Problem details:
After the line containing "Women Backless Bralette", copy nothing more; up to and including it, copy every line of the listing exactly from the first, leaving out the pictures.

### Data to examine ###

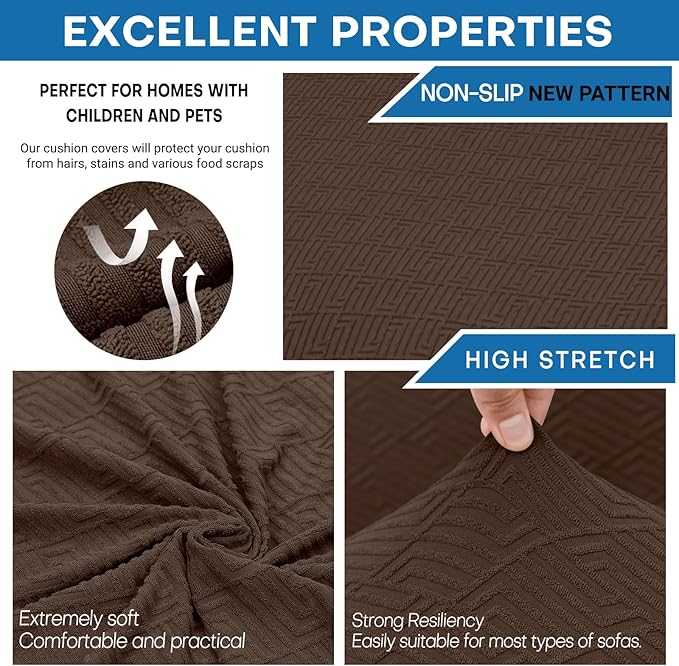 XINEAGE 2026 New 4 Pieces Couch Covers for 3 Cushion Couch Super Stretch Thick Soft Sofa Cover Anti Slip Sofa Slipcover Dogs Cats Furniture Protector (Coffee, 71"-91")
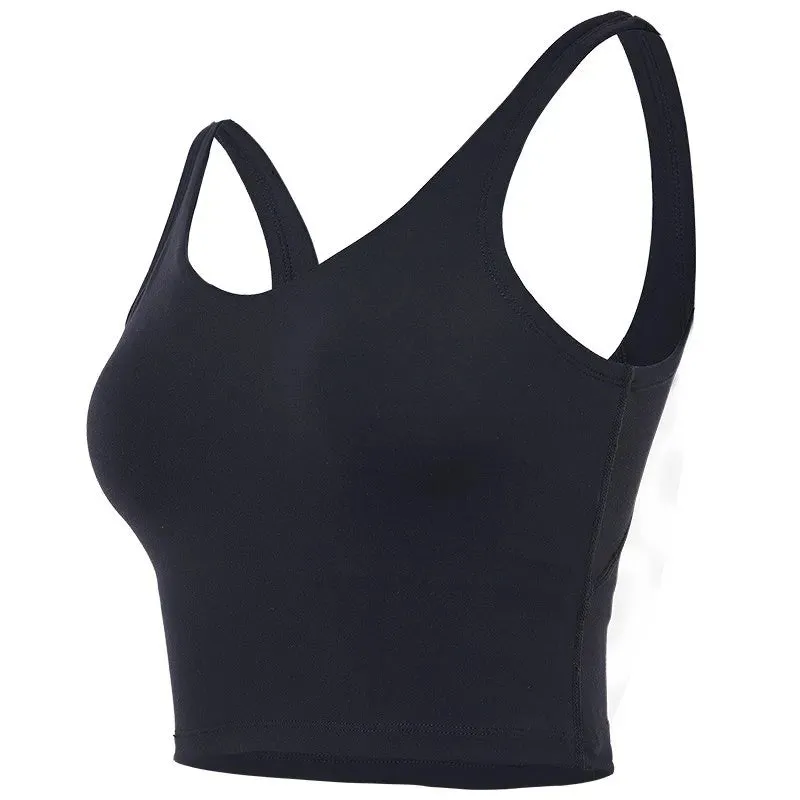 Women Backless Bralette Wire Free Seamless Streetwear Crop Top Sports Bra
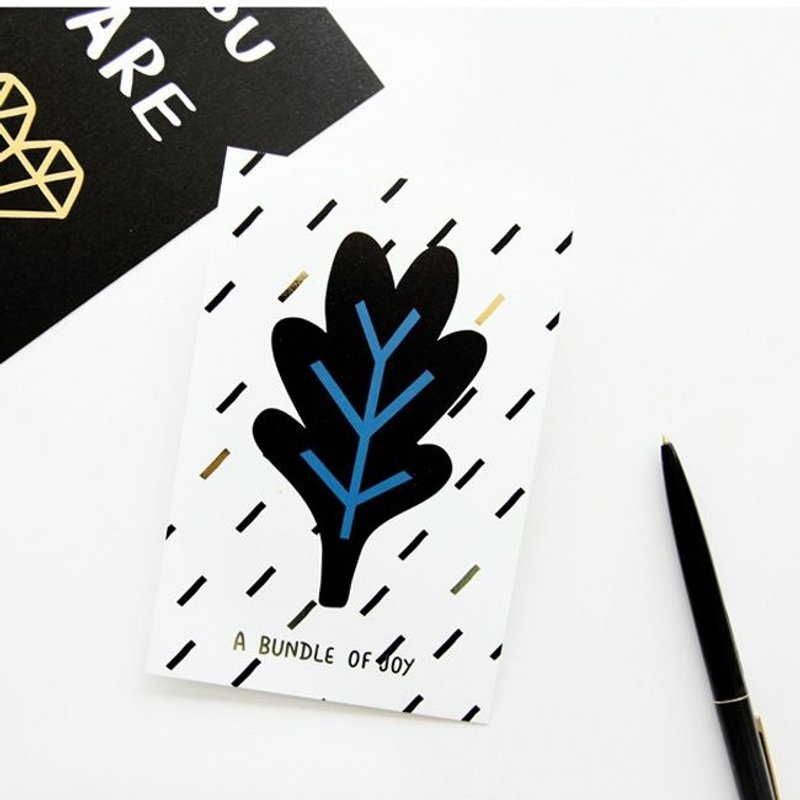 GMZ-顽皮鬼闪亮亮明信片-小树苗(leaf),GMZ02513 - 卡片/明信片 - 纸 黑色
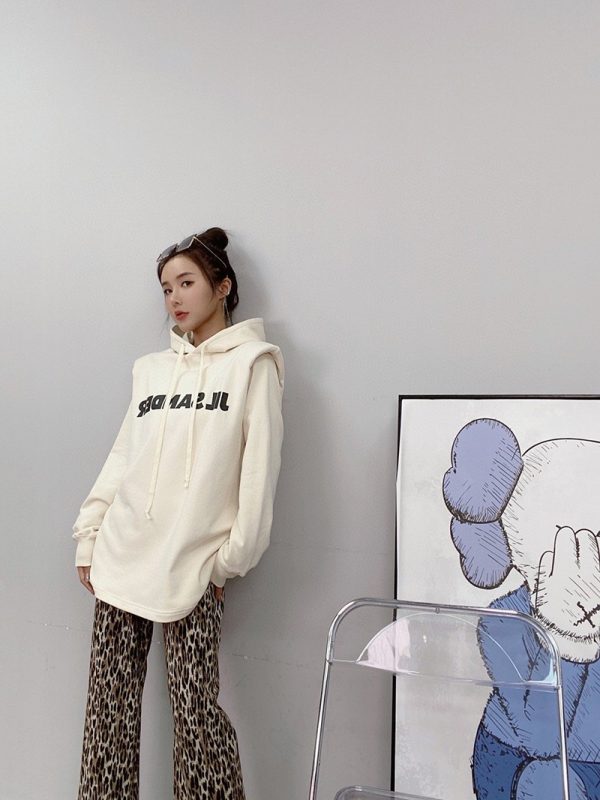 21-22AWジルサンダー パーカー 偽物 ロゴ刺繍 スウェットフーディー カーキ Jil85378 - 画像 (2)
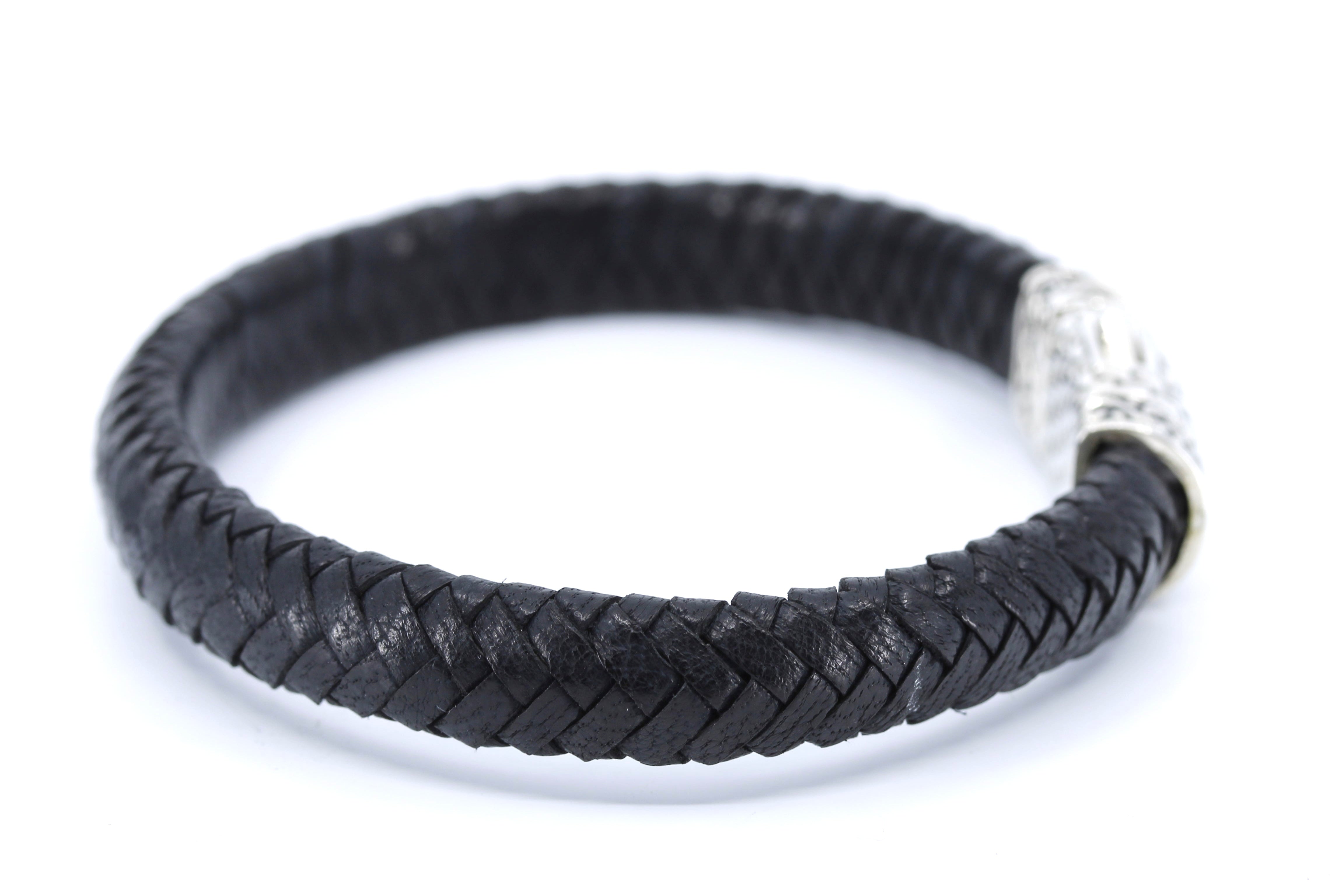 NOVA Braided Leather Bracelet with Engraved Barrel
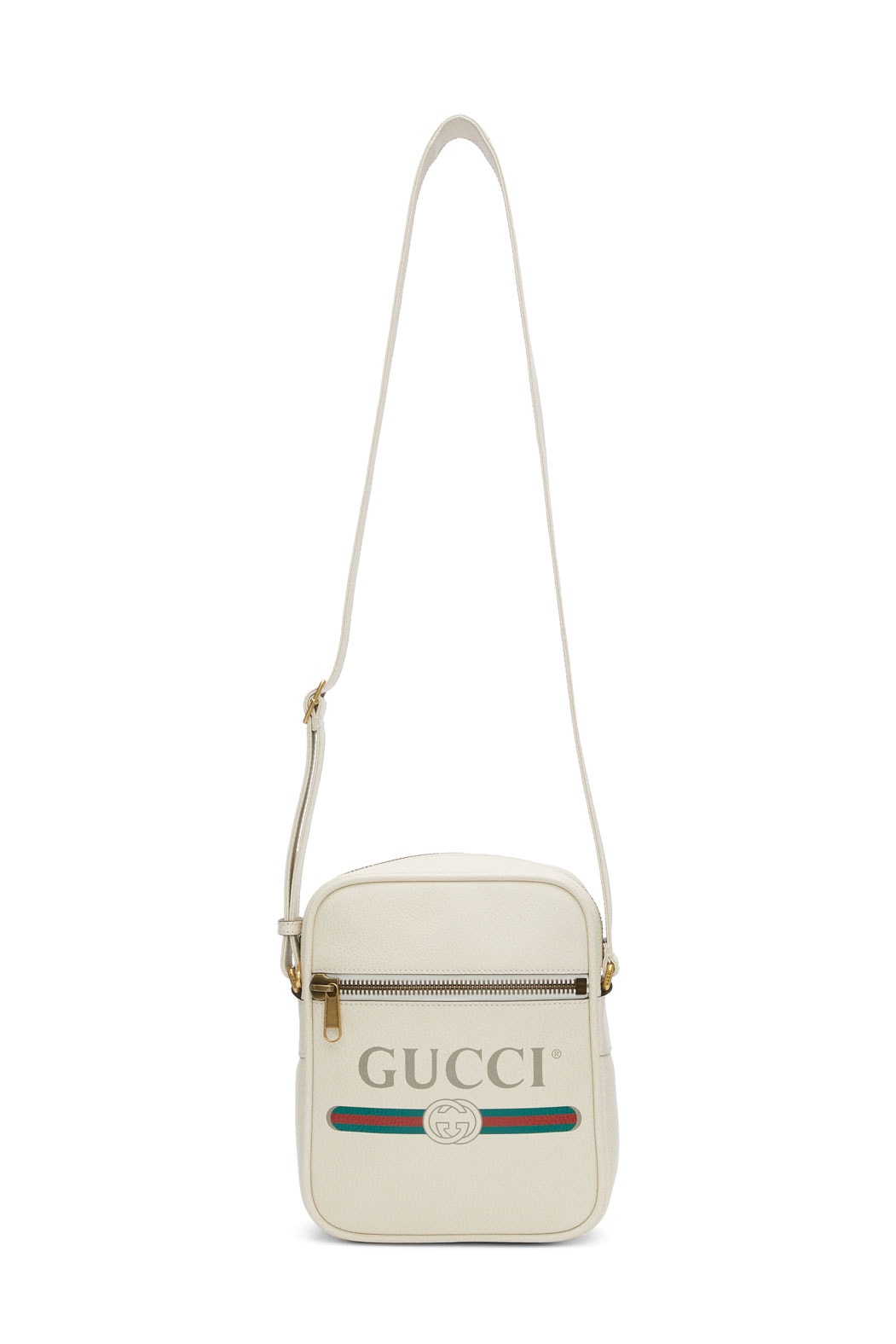 Gucci Off White Logo Print Leather Messenger Bag Gucci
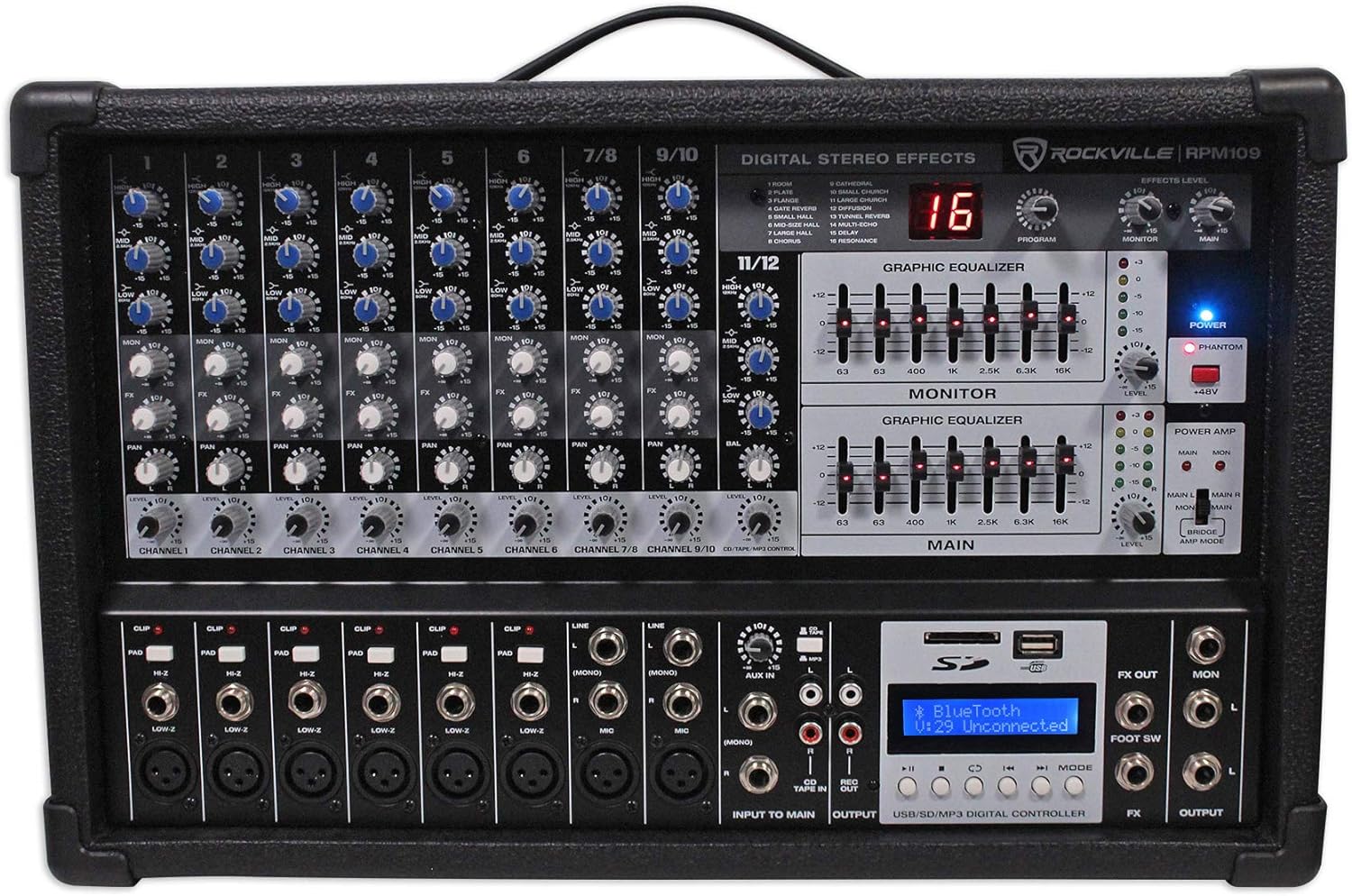 Rockville RPM48S 2000w Powered 4 Channel Mixer/Stereo Amplifier w Bluetooth/EQ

###

Result of the exercise:
 XINEAGE 2026 New 4 Pieces Couch Covers for 3 Cushion Couch Super Stretch Thick Soft Sofa Cover Anti Slip Sofa Slipcover Dogs Cats Furniture Protector (Coffee, 71"-91")
 Women Backless Bralette Wire Free Seamless Streetwear Crop Top Sports Bra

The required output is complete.